Well, I get it now. Sara Zarr is just not light and fluffy. I won't be fooled again, even if they cover the whole darned book in pink icing. Next book she puts out, I'll read in PRIVATE.
Sweethearts is decidedly bittersweet. It's the story of two childhood friends, Jennifer and Cameron. Their understanding of each other is unusually deep, since each of them is suffering at the hands of a parent, Jennifer from neglect and Cameron from abuse. They are both children who have faced the dark side of life, and they provide each other with comfort and recognition. As friends, they love each other with a love that sustains them through every painful and unfair thing they have to go through, each insult to their souls that they are powerless to stop, since, after all, they are just kids. They are also witness to each other's suffering. Especially on one terrible day, Jennifer's ninth birthday, when Cameron takes her to his house to give her a present he has made, and Cameron's sociopathic father turns on them both. Jennifer manages to escape, but Cameron does not, and neither one is able to talk about it for years.
One day Cameron vanishes and Jennifer is led to believe he has died. Her grief is intense and she never forgets him. As the years go on she remakes herself with a steely discipline and by high school she is thin, has a boyfriend, and is in with the popular crowd. Her mother has remarried and her home is more stable. She has expectations of university. She has even renamed herself.
Then on her seventeenth birthday, Cameron leaves a card in her mailbox. He had not, after all, died. He has come back to find her. And reconnecting proves difficult and painful, but more real than anything she has done for years.
I think about how there are certain people who come into your life, and leave a mark.

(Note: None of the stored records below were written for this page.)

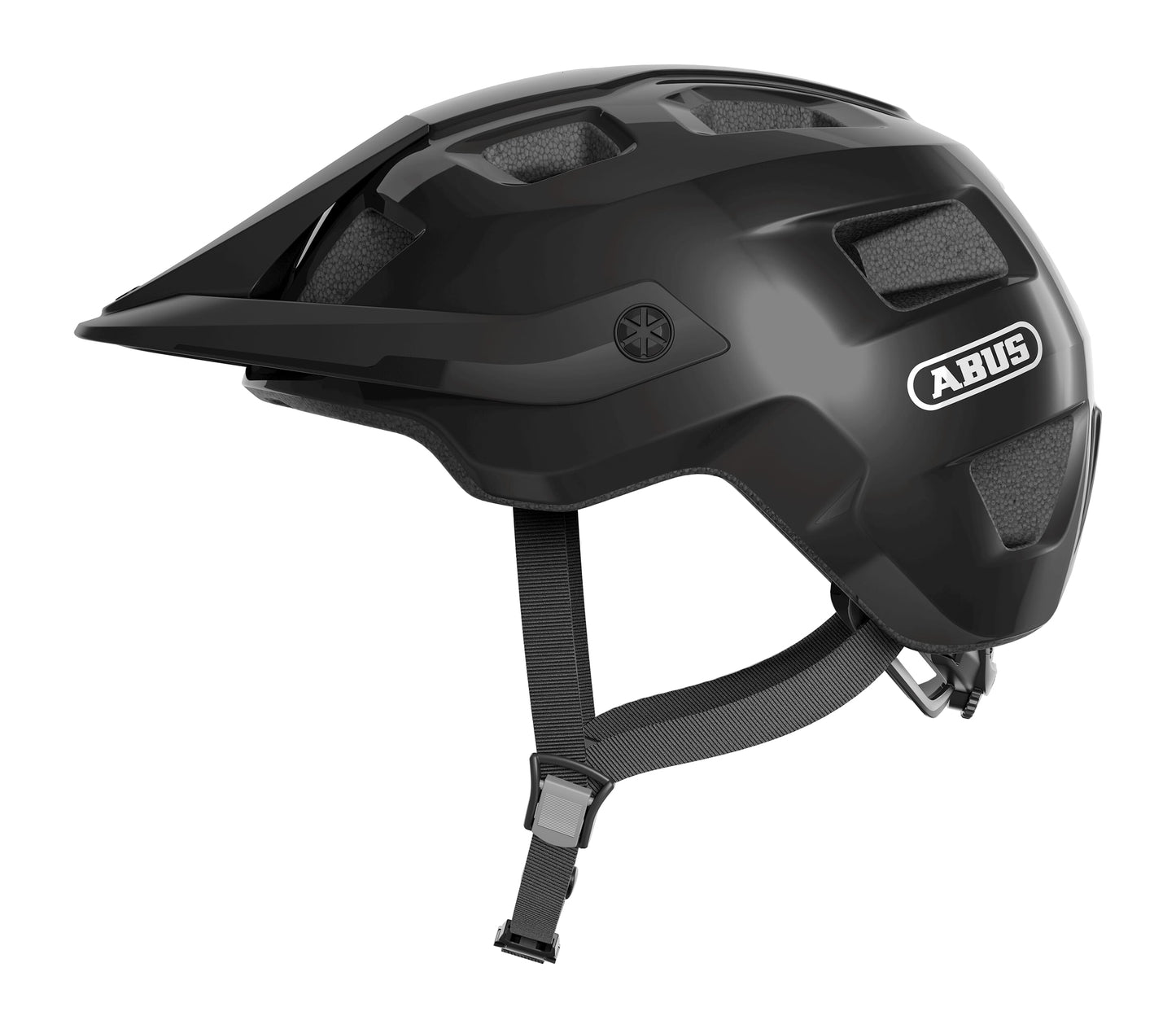 Abus helm MoTrip shiny Zwart L 57-61cm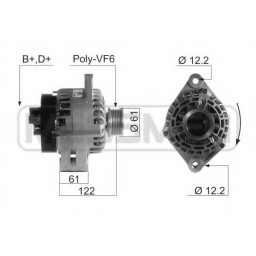 Генератор DENSO 102211-8260 DENSO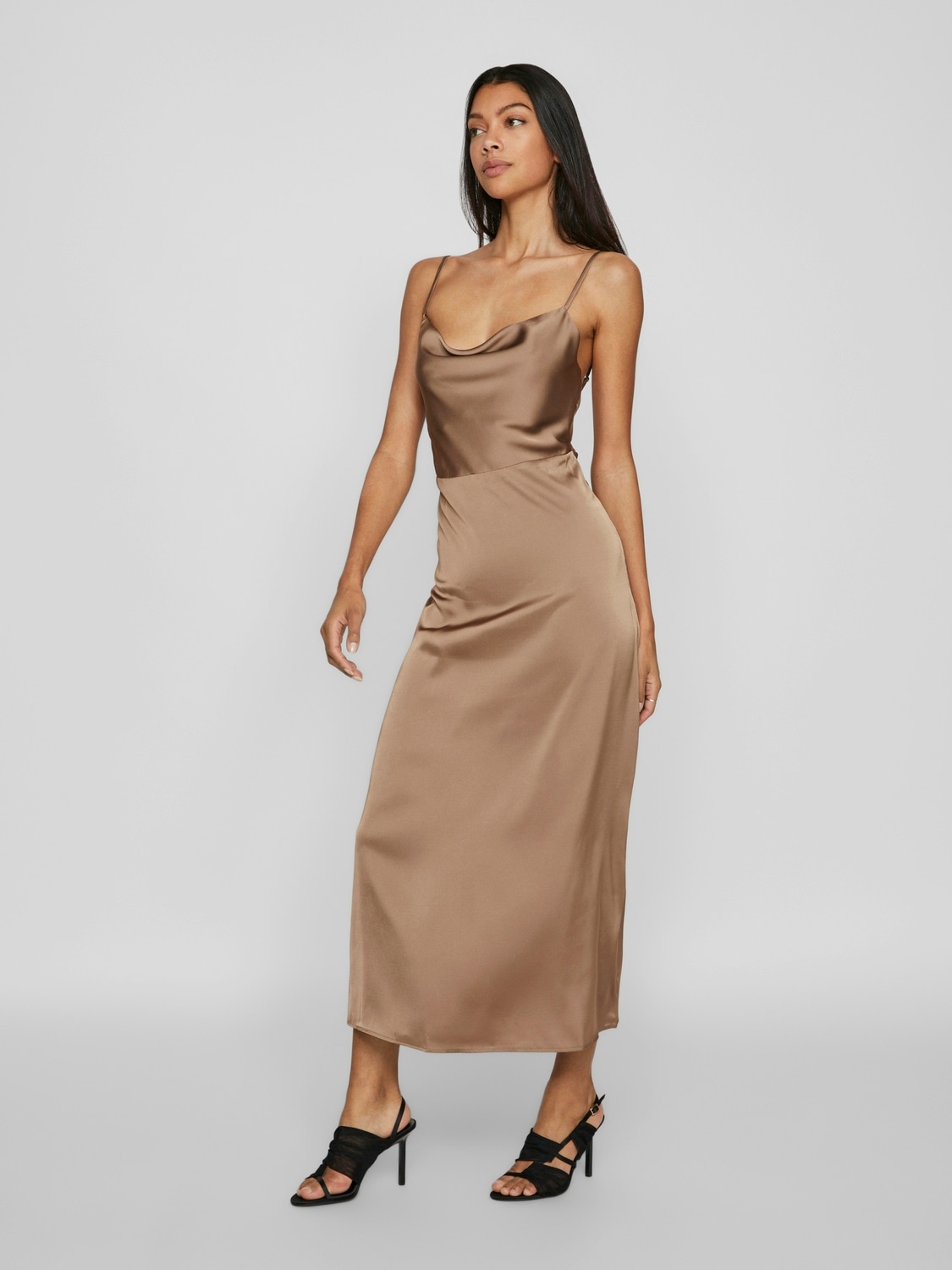 Vila Trägerkleid »VIRAVENNA STRAP ANKLE DRESS - NOOS«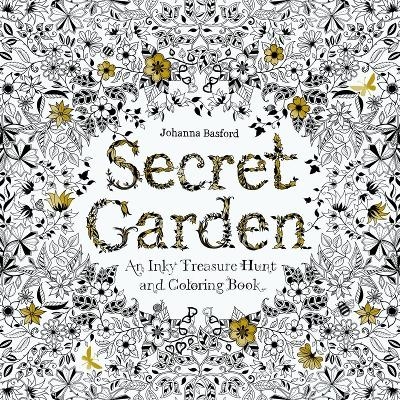 Picture of Secret Garden: An Inky Treasure Hunt and Colouring Book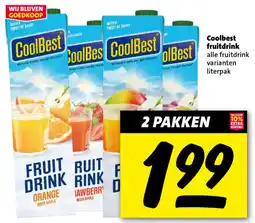 Nettorama Coolbest fruitdrink aanbieding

My roommate asks me if I'm in love with Cameron and I say no, not in love. I start to tell her that I do love him, but stop myself before it comes out. It takes some thinking, years of it, in fact. I know I said it to him that night, and I still wonder if he heard me, but as I get older I think--can it really be love if we don't talk that much, don't see each other? Isn't love something that happens between people who spend time together and know each other's faults and take care of each other? Still, by the time I've had my share of boyfriends, I discover that even the ones I truly love never bring on the same kind of feeling I get when I think about Cameron. In the end, I decide that the mark we've left on each other is the colour and shape of love. That's the unfinished business between us.
Because love, love is never finished.
It circles and circles, the memories out of order and not always complete. There's one I always come back to: me and Cameron Quick, lying on the ground in an aspen grove on a golden fall day, the aspen leaves clattering and quaking the way they do. Cameron turning to me, reaching out a small and dirty hand, which I take and do not let go.
This wonderful, subtle story is so rich and layered and yet not one word seems superfluous. Everything Zarr writes about springs right to life before you...Cameron's creepy, sadistic father, the two kids who can understand but can't save each other, the forced nature of Jennifer's relationships with everyone but Cameron, the grown-up Cameron's itinerant, lost quality. The kind of friendship that becomes so deep and all-absorbing it starts to feel like couplehood is absolutely captured here. I got drawn into Jennifer and Cameron's story so quickly, and had trouble coming out at the other end. I really, really wanted them to stay together.Darn realistic endings. Sniff.